Fed Delays Rate Hike Until '95

WASHINGTON -- The United States' central bank has decided to hold interest rates steady for now, but analysts expect it to resume tightening credit early next year.


Faced with an economy that is ending 1994 with a bang, the Federal Reserve Bank is expected to raise rates further in 1995 to keep a lid on inflation, observers said.


"They are ready to go further," said David Jones, veteran Fed watcher and chief economist at Wall Street broker Aubrey G. Lanston and Co.


The decision not to raise interest rates, made Tuesday by the central bank's policy-making Federal Open Market Committee, was anticipated and caused barely a ripple in the financial markets. The Fed has raised rates by 2.5 percentage points this year, including a bigger-than-expected three-quarter point increase just last month.

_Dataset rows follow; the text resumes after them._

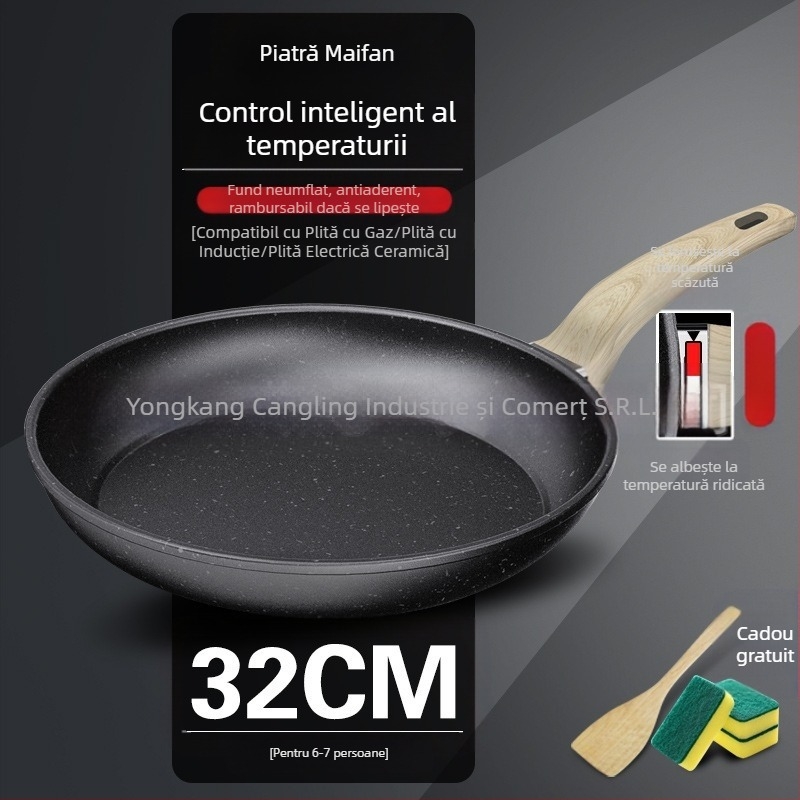 Tigaie antiaderentă din piatră vulcanică Maifan, tigaie de uz casnic pentru friptură, tigaie pentru clătite, tigaie pentru ouă, tigaie pentru clătite, aragaz cu inducție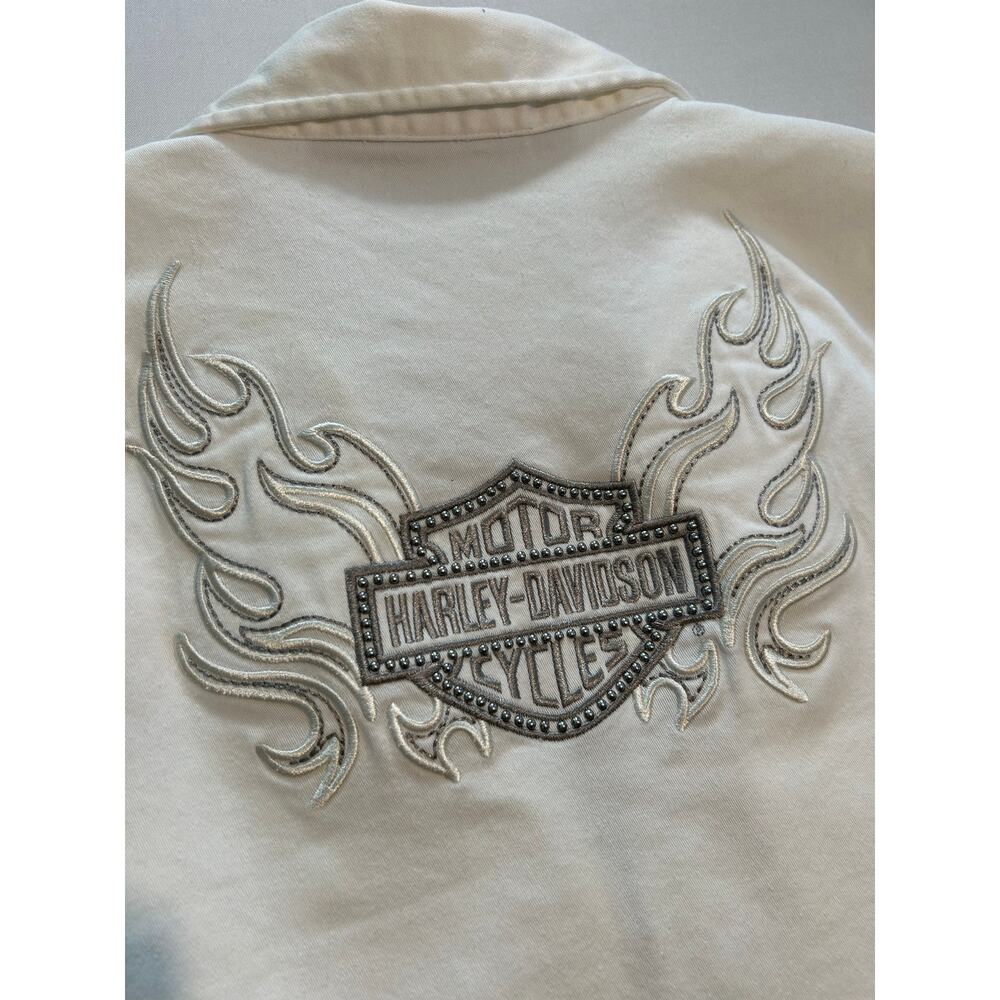 Harley Davidson Women's Zip Up Sleeveless Tank White Large - Picture 8 of 10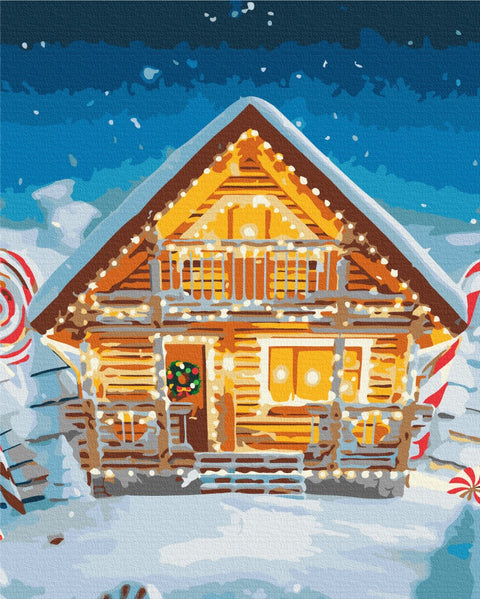 Premium malowanie po numerach Bajeczny dom noworoczny (PBS52782)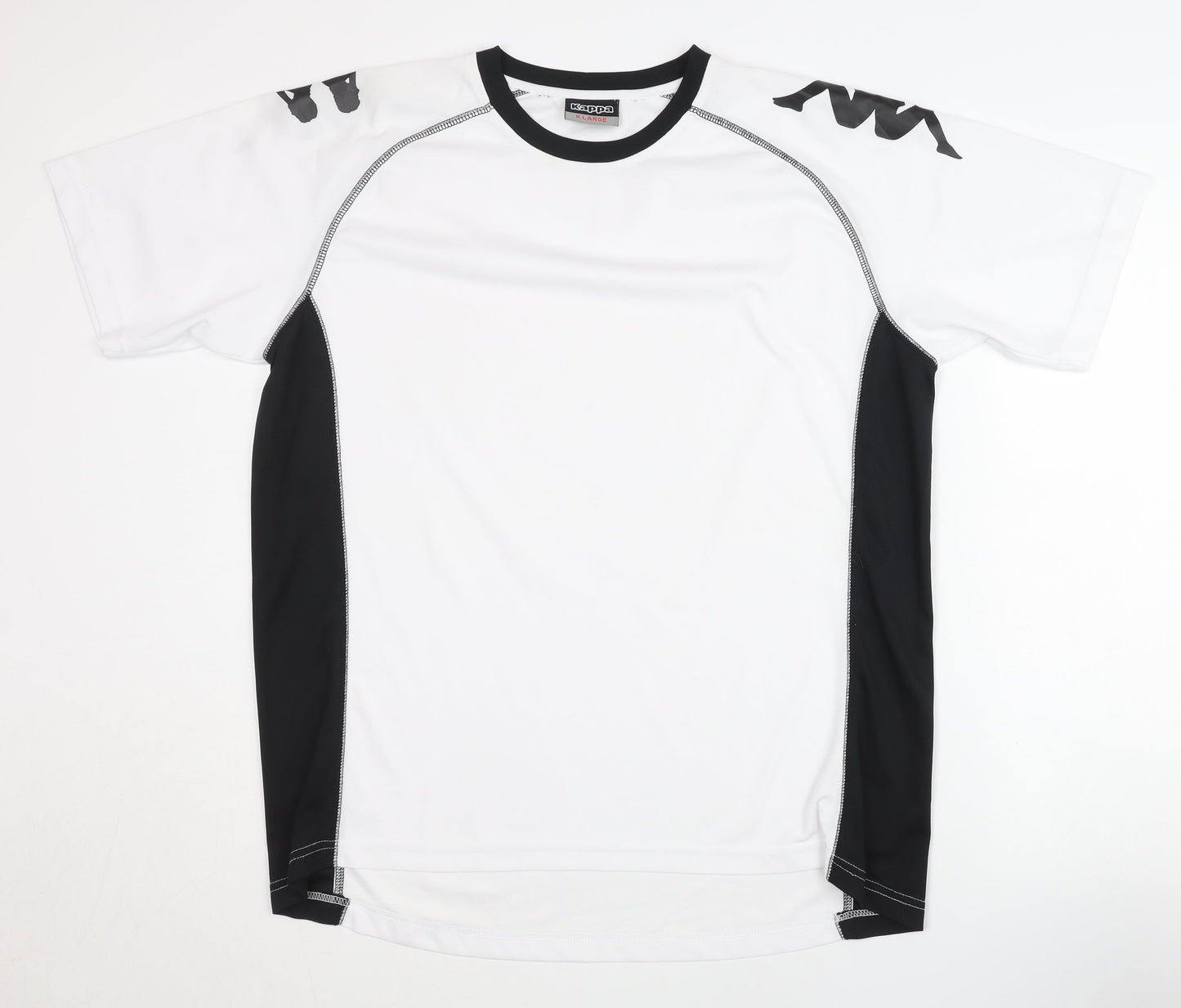 Kappa Men's XL White T-Shirt, Short Sleeve, Crew Neck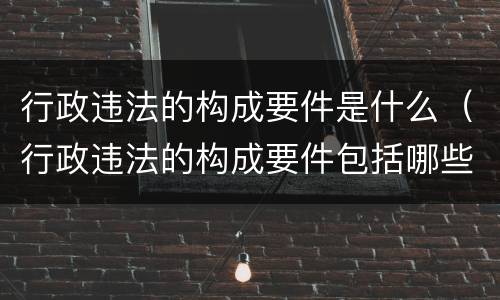 行政违法的构成要件是什么（行政违法的构成要件包括哪些）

The inflation-wary Fed is at a crossroads. It knows the economy is ending 1994 strongly, but it expects growth to slow next year as tighter credit begins to bite.


Federal Reserve Chairman Alan Greenspan "is trying to walk the fine line between getting the economy on a gradual glide growth path and not tightening too much to cause a recession," Lanston's Jones said.


So far, the Fed's rate increases have had little discernible impact on the economy.


Early signs were that consumers were spending briskly for the holidays. That, along with strong manufacturing activity, was expected to power the economy to a growth rate of about 4 percent a year in the final three months of 1994 -- well above the 2.5 to 3 percent pace the Fed is aiming for to keep a lid on inflation.